> [What you need to do]:
Could you copy out all the lines in the material below where the word "peter" occurs?

> [Records for this exercise]:
========================================

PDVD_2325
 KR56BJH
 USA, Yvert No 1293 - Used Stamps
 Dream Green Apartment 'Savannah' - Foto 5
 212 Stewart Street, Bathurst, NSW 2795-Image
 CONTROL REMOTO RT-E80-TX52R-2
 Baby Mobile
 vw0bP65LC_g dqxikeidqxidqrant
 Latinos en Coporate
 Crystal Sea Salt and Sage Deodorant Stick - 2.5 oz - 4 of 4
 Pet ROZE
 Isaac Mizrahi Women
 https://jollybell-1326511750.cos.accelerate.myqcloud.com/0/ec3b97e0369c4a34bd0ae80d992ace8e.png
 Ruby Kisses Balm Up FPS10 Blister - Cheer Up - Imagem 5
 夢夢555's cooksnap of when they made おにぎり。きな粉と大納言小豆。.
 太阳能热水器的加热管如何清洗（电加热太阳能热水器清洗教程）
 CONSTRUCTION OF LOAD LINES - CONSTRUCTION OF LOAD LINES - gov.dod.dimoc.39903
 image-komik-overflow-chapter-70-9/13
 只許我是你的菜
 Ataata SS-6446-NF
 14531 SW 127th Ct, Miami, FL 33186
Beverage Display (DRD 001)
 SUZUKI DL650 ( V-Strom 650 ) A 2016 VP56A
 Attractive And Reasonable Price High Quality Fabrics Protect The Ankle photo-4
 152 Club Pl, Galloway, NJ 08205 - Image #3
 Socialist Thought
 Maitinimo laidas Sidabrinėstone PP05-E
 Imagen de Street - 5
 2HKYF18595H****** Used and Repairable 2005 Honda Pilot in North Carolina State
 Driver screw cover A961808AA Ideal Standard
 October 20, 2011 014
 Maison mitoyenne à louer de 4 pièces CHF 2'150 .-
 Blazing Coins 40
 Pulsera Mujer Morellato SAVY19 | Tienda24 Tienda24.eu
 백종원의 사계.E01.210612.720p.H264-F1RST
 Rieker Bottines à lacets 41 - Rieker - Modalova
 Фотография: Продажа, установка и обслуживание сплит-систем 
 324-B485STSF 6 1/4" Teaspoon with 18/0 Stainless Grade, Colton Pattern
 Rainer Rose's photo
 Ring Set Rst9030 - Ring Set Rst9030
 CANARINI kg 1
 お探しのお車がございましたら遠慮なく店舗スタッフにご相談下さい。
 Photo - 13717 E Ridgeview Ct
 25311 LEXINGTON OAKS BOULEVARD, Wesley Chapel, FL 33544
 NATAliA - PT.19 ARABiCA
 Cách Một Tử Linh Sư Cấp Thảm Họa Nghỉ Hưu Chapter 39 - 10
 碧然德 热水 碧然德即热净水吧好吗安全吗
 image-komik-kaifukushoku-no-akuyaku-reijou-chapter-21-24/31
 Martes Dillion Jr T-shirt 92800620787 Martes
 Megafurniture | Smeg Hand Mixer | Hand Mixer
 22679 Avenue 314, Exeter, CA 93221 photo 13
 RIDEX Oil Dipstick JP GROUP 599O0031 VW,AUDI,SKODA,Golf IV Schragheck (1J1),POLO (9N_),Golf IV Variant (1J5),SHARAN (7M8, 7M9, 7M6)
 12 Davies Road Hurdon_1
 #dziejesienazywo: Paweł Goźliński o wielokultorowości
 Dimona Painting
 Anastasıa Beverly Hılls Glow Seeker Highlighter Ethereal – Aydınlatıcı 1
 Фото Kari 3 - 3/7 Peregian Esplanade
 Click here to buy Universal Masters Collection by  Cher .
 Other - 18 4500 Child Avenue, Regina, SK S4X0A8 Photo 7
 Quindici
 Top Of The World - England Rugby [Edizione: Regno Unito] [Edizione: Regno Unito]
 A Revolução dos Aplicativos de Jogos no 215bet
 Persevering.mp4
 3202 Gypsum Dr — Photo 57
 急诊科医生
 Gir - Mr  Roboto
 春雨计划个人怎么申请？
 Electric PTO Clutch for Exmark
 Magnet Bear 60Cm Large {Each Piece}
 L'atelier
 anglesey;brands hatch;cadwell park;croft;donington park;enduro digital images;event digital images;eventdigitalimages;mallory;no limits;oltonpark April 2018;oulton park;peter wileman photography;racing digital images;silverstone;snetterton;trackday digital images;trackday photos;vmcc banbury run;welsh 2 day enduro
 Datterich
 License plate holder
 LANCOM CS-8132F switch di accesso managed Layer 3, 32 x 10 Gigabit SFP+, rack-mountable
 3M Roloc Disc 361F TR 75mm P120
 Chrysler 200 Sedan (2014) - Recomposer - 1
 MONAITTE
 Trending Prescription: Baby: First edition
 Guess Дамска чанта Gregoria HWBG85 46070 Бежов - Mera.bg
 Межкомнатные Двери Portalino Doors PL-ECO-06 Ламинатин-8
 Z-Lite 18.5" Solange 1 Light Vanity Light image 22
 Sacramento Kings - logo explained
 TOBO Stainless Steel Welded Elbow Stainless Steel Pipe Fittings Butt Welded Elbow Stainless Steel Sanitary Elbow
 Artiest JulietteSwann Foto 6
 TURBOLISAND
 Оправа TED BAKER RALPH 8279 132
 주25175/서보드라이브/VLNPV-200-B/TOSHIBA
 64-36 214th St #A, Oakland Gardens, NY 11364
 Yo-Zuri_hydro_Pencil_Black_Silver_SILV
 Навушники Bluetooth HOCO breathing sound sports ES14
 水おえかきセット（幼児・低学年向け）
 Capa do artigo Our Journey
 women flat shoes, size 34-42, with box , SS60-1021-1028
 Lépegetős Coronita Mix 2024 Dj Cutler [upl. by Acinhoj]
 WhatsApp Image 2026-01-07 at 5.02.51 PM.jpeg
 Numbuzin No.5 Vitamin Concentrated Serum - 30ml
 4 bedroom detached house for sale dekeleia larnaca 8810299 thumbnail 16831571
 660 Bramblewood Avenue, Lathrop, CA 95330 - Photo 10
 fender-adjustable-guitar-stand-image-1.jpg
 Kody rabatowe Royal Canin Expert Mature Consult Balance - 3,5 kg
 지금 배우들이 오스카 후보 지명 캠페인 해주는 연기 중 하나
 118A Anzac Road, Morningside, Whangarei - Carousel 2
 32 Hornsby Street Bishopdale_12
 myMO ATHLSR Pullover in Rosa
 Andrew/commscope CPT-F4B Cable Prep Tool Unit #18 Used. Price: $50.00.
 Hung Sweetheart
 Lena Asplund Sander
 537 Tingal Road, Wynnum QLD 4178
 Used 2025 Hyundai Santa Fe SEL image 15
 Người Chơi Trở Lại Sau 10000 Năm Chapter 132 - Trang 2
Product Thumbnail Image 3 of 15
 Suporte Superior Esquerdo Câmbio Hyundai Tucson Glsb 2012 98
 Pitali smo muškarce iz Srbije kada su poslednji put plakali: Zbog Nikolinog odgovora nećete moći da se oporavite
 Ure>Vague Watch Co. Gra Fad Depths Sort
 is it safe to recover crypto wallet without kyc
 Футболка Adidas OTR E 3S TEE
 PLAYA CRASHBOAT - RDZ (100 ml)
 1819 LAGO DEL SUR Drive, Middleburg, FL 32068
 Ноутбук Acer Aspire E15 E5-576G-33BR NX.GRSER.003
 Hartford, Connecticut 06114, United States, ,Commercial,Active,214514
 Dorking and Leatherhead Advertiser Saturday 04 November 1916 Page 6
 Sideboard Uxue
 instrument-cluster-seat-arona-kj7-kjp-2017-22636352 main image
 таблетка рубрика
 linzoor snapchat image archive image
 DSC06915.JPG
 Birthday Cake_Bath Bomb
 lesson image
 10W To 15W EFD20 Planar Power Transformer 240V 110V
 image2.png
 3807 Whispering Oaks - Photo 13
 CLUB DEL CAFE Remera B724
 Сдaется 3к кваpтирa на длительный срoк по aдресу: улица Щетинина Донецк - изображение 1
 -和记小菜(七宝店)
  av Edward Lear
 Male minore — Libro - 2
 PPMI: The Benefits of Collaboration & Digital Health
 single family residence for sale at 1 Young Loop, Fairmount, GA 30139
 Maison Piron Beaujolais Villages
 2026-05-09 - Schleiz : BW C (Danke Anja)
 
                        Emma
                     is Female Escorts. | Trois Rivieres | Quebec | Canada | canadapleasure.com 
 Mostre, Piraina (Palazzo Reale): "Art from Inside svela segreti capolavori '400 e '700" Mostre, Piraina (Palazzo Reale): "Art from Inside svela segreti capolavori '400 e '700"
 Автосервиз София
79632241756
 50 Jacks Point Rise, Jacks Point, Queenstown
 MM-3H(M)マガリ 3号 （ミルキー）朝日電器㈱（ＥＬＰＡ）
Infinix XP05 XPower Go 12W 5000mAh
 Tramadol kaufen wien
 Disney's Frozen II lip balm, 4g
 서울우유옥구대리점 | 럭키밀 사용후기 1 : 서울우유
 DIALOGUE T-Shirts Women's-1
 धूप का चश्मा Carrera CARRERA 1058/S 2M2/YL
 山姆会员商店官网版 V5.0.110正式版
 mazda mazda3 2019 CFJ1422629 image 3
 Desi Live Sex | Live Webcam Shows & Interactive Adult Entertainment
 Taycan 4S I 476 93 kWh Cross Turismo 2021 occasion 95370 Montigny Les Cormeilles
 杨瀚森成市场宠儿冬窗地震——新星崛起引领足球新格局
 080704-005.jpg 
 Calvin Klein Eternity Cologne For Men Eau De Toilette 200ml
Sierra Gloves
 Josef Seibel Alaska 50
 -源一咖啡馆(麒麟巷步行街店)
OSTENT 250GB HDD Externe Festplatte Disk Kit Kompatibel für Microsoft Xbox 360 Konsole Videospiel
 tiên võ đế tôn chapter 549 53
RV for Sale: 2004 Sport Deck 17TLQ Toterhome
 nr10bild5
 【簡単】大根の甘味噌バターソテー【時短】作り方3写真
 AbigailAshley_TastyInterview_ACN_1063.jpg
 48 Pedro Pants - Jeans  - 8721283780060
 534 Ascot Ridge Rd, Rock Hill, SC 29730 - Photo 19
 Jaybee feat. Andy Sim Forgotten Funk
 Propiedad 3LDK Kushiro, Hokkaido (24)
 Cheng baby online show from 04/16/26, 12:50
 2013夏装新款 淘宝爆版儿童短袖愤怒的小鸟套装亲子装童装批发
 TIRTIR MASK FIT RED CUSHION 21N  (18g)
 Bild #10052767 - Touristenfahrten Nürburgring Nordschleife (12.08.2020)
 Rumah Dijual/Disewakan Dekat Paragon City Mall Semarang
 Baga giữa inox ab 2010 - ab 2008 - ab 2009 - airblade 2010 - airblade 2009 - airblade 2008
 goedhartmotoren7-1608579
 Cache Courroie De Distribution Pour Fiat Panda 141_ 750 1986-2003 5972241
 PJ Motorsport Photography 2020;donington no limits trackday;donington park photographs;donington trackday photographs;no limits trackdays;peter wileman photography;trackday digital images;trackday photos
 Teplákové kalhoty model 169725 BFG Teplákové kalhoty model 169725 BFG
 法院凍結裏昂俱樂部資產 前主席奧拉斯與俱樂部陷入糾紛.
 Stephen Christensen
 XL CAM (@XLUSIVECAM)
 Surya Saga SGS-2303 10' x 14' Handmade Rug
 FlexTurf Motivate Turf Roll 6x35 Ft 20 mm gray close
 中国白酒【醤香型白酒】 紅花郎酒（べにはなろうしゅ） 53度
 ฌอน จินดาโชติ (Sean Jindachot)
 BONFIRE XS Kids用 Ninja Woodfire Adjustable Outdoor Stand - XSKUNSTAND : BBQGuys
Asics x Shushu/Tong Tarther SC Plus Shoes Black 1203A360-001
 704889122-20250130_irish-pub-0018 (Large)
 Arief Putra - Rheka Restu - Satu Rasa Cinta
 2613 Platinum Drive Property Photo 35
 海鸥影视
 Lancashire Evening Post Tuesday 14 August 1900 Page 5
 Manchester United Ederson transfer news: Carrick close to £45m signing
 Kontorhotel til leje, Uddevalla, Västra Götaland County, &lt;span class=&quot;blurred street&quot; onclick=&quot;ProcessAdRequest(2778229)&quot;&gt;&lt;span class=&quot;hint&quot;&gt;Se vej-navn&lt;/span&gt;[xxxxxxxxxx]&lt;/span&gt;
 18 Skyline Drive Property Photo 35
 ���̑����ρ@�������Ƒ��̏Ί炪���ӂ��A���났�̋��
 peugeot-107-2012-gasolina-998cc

========================================

> [Output for this exercise]:
 anglesey;brands hatch;cadwell park;croft;donington park;enduro digital images;event digital images;eventdigitalimages;mallory;no limits;oltonpark April 2018;oulton park;peter wileman photography;racing digital images;silverstone;snetterton;trackday digital images;trackday photos;vmcc banbury run;welsh 2 day enduro
 PJ Motorsport Photography 2020;donington no limits trackday;donington park photographs;donington trackday photographs;no limits trackdays;peter wileman photography;trackday digital images;trackday photos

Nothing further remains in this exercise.